Chapter 9.5, Problem 33E

a.

To determine

The objective is to explain how to rearrange the terms of the given series to form a divergent series.

Answer to Problem 33E

Starting with 2, add negative terms until sum <-3. Then add positive terms until sum is greater than 4, add negative terms until sum is less than -5 and so on.

Explanation of Solution

Given information:

Series: ${\displaystyle \sum _{n=1}^{\infty }{(-1)}^{n+1}}\frac{1+n}{n^2}$ , an alternating series.

Concept used:

Rearrangements of conditionally convergent series:

If ${\displaystyle \sum a_n}$ converges conditionally, then the terms can be rearranged to form a divergent series.

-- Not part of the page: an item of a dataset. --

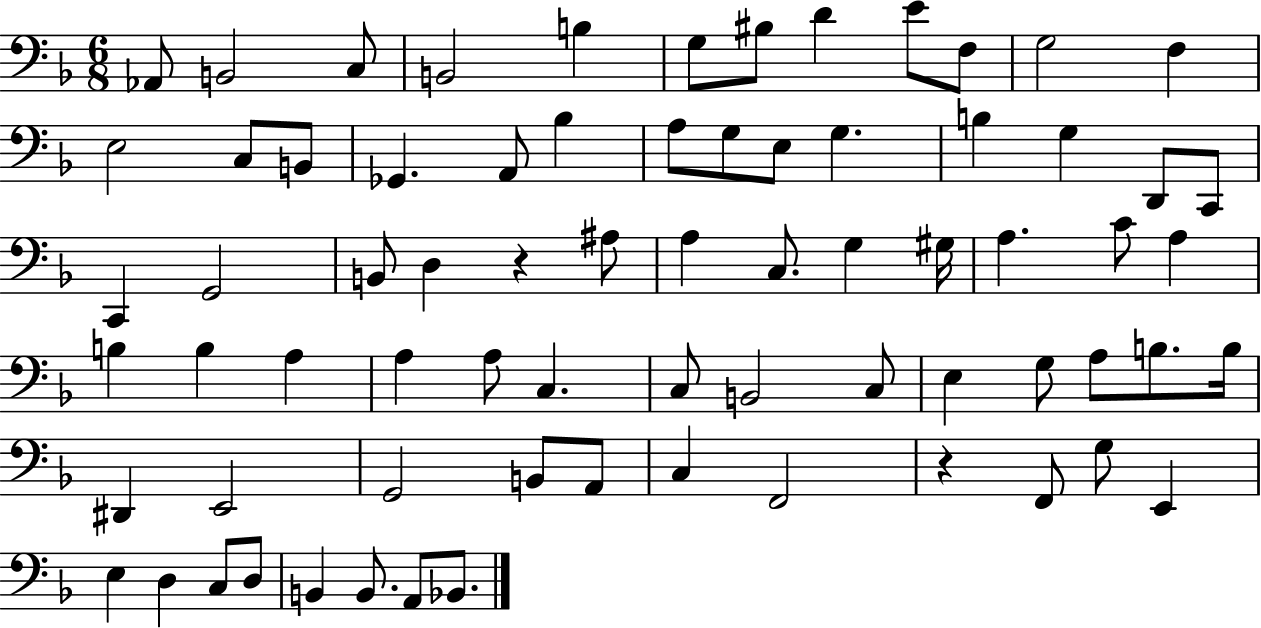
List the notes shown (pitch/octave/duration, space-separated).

Ab2/e B2/h C3/e B2/h B3/q G3/e BIS3/e D4/q E4/e F3/e G3/h F3/q E3/h C3/e B2/e Gb2/q. A2/e Bb3/q A3/e G3/e E3/e G3/q. B3/q G3/q D2/e C2/e C2/q G2/h B2/e D3/q R/q A#3/e A3/q C3/e. G3/q G#3/s A3/q. C4/e A3/q B3/q B3/q A3/q A3/q A3/e C3/q. C3/e B2/h C3/e E3/q G3/e A3/e B3/e. B3/s D#2/q E2/h G2/h B2/e A2/e C3/q F2/h R/q F2/e G3/e E2/q E3/q D3/q C3/e D3/e B2/q B2/e. A2/e Bb2/e.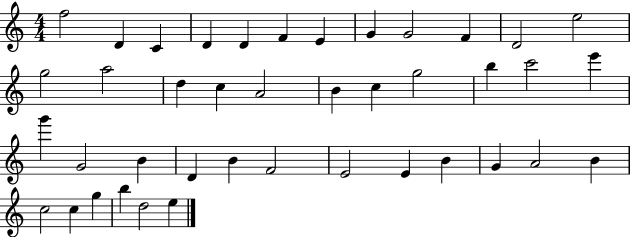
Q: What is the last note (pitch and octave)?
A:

Given any real number, the terms can be rearranged to form a series that converges to that number.

  ${\displaystyle \sum _{n=1}^{\infty }{(-1)}^{n+1}}\frac{n+1}{n^2}=\frac{2}{1}-\frac{3}{4}+\frac{4}{9}-\frac{5}{16}+\frac{6}{25}-\frac{7}{36}+\frac{8}{49}$

The positive terms diverge to $\infty$ while the negative terms diverge to $-\infty$ .

For rearrangement of the series, start by taking the first positive term, 2, take negative terms until the partial sum is less $-3$ .

  $2-\frac{3}{4}-\frac{5}{16}-\frac{7}{36}-\frac{9}{64}-\cdots$

Next take positive terms until the sum is greater than 4.

  $2-\frac{3}{4}-\frac{5}{16}-\frac{7}{36}-\frac{9}{64}-\cdots$

  $+\frac{4}{9}+\frac{6}{25}+\frac{8}{49}+\cdots$

Then, take negative terms until the sum is less than $-5$ and so on.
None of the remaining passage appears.